Question

Mendius reaction involves the:
A. Reduction of aldehydes to give alcohols
B. Reduction of nitriles with sodium and ethanol
C. Oxidation of nitriles
D. Hydrolysis of cyanides

Answer 1

Hint: A reaction in which an organic nitrile is reduced by nascent hydrogen to a primary amine. And here means of reduction is breaking bonds and adding hydrogen molecules.

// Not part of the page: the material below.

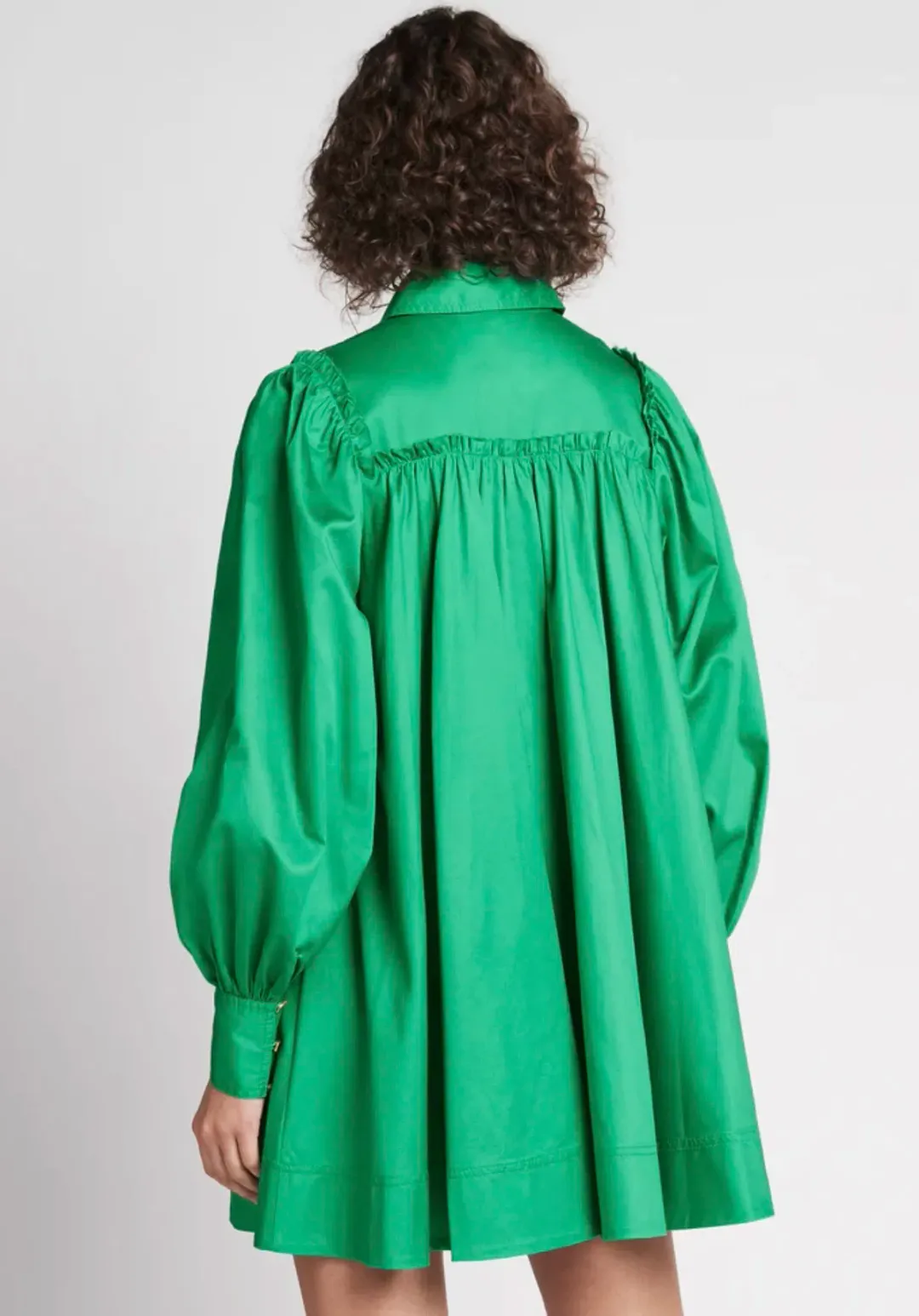 Aje Tidal Tucked Smock Mini Dress Green Size 8 for rent on The Volte - main image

Complete step-by-step answer:
First of all we know that it is a reduction reaction (in this reduction means breaking of bonds). And in this reaction reduction of nitriles takes place with the help of nascent hydrogen in the presence of sodium and alcohol. In this reaction mainly the reduction of cyano group (\[-C\equiv N\]) takes place by nascent hydrogen. Here nascent hydrogen breaks \[\pi \] bond of the cyano group (\[-C\equiv N\] ). In cyano group there are three bonds between C and N one sigma bond and two \[\pi \] bonds and breaking of \[\pi \] bonds take place.
In Mendius reduction reaction the following reaction takes place:
\[R-C\equiv N+2{{H}_{2}}\xrightarrow[sodium,ethanol]{nascent({{H}_{2}})}RC{{H}_{2}}N{{H}_{2}}\]
“A” is not an answer because it is not reduction of aldehydes.
“B” is the correct answer because in Mendius reaction reduction of nitriles takes place in the presence of sodium and ethanol.
“C” is not an answer because it is a reduction reaction.
“D” is not correct because hydrolysis does not take place.

Note: You have to remember the definition of “Mendius reaction”. You should know the formulas and bonding in the cyano group, in amines and reaction balancing with integer stoichiometric coefficients.